-- Problem --
Take the data below and copy exactly the lines starting at the one with "La Quinta House #133 Home" and finishing at the one with "3811 32nd, Hamilton, MI 49419", both included.

[Stored records]
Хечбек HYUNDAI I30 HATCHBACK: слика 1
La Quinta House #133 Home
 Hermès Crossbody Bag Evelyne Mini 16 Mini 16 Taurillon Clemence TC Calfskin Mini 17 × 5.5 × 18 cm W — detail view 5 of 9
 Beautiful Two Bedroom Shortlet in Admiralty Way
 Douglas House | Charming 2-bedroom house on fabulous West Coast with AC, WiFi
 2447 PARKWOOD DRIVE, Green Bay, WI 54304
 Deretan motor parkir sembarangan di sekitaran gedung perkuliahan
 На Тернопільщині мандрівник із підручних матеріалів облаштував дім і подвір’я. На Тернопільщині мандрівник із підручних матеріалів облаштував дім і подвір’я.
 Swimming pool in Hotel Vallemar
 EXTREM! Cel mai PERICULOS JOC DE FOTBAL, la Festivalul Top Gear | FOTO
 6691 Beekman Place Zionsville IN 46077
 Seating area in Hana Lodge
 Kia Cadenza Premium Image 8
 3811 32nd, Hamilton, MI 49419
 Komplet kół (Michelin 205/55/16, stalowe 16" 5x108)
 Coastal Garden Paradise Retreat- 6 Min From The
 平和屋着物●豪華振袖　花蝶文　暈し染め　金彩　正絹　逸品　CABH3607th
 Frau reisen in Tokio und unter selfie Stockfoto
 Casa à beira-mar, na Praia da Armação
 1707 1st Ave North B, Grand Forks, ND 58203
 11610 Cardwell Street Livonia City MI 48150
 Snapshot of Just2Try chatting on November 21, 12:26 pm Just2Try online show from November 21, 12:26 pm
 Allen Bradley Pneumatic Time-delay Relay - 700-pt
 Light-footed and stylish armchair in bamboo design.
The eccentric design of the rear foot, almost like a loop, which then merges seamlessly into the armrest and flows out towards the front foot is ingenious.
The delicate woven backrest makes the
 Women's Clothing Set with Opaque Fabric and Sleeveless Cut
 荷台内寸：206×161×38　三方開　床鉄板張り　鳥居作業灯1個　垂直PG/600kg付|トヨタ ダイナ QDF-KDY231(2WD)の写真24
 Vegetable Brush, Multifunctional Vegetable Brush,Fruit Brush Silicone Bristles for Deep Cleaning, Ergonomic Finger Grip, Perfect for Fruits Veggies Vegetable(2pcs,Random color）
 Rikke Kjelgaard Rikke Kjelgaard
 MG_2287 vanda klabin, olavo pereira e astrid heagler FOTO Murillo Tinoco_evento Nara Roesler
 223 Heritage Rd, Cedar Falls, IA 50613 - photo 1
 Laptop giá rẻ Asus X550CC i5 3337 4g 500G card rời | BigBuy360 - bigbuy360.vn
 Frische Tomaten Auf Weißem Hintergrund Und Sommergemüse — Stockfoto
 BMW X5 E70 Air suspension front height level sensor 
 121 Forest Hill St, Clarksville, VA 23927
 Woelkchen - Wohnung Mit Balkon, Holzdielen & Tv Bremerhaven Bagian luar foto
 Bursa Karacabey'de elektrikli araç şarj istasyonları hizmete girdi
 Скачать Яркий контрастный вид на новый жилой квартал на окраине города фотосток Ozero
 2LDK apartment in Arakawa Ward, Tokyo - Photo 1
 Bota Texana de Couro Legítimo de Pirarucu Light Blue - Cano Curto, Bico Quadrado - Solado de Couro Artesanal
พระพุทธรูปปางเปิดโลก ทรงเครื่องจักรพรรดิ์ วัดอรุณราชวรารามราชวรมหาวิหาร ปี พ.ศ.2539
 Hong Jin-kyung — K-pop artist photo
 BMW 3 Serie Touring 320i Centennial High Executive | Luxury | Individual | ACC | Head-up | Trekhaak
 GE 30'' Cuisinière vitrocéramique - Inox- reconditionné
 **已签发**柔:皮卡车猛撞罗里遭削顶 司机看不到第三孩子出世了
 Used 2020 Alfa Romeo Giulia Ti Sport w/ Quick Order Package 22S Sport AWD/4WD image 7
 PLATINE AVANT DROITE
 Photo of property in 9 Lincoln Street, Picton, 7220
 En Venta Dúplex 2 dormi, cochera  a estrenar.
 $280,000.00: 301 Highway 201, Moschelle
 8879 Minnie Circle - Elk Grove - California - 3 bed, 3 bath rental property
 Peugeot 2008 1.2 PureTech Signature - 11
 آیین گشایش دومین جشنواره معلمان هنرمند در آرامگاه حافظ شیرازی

-- Completed exercise --
La Quinta House #133 Home
 Hermès Crossbody Bag Evelyne Mini 16 Mini 16 Taurillon Clemence TC Calfskin Mini 17 × 5.5 × 18 cm W — detail view 5 of 9
 Beautiful Two Bedroom Shortlet in Admiralty Way
 Douglas House | Charming 2-bedroom house on fabulous West Coast with AC, WiFi
 2447 PARKWOOD DRIVE, Green Bay, WI 54304
 Deretan motor parkir sembarangan di sekitaran gedung perkuliahan
 На Тернопільщині мандрівник із підручних матеріалів облаштував дім і подвір’я. На Тернопільщині мандрівник із підручних матеріалів облаштував дім і подвір’я.
 Swimming pool in Hotel Vallemar
 EXTREM! Cel mai PERICULOS JOC DE FOTBAL, la Festivalul Top Gear | FOTO
 6691 Beekman Place Zionsville IN 46077
 Seating area in Hana Lodge
 Kia Cadenza Premium Image 8
 3811 32nd, Hamilton, MI 49419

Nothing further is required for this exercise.